***** DATA BELOW *****
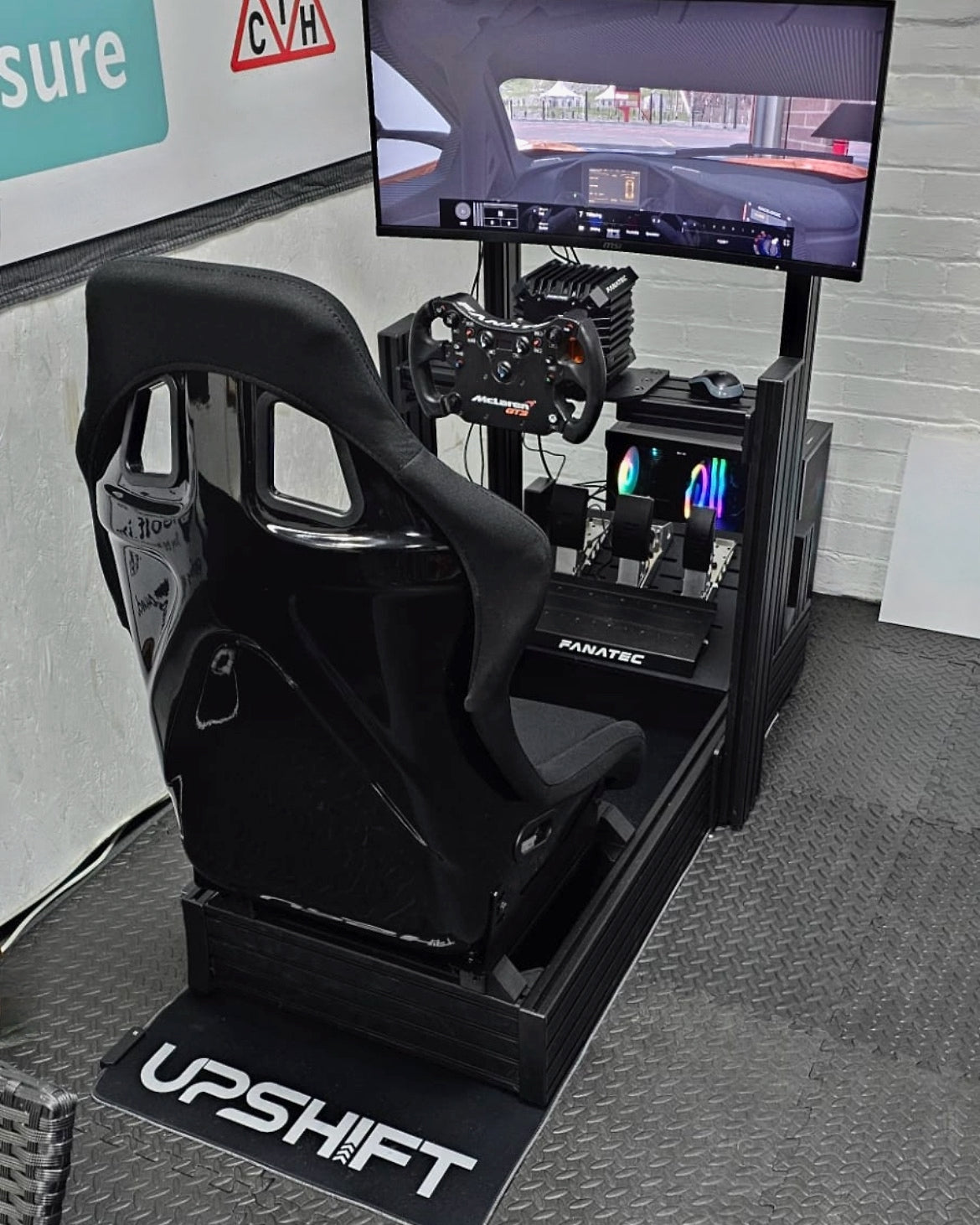 R-MAX Black Edition 160x40 Sim Rig, GTS Bucket Seat, Fanatec CSL DD with McLaren Steering Wheel, R-Single Monitor Stand, Upshift RGB Sim Rig Mat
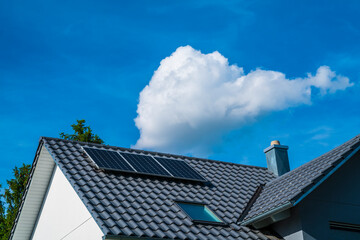 Several solar panels on roof of a house generating clean electrical energy for the building and energy network to save the environment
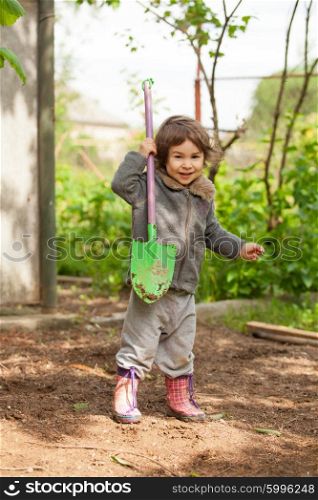 Little girl in rubber boots holding a shovel and tried to dig. The little girl with a small shovel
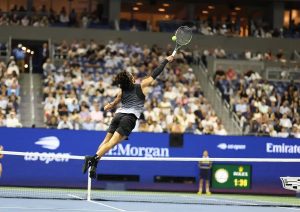 Tennis player in black outfit leaping to strike a forehand overhead at the US Open, with the net and packed stands behind him.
*****
### PROBLEM
Write out word for word the lines above that run from the one with "Several solar panels" to the one with "Little girl in". Include both end lines; exclude the images.

### EXERCISE SOLUTION
 Several solar panels on roof of a house generating clean electrical energy for the building and energy network to save the environment
 Little girl in rubber boots holding a shovel and tried to dig. The little girl with a small shovel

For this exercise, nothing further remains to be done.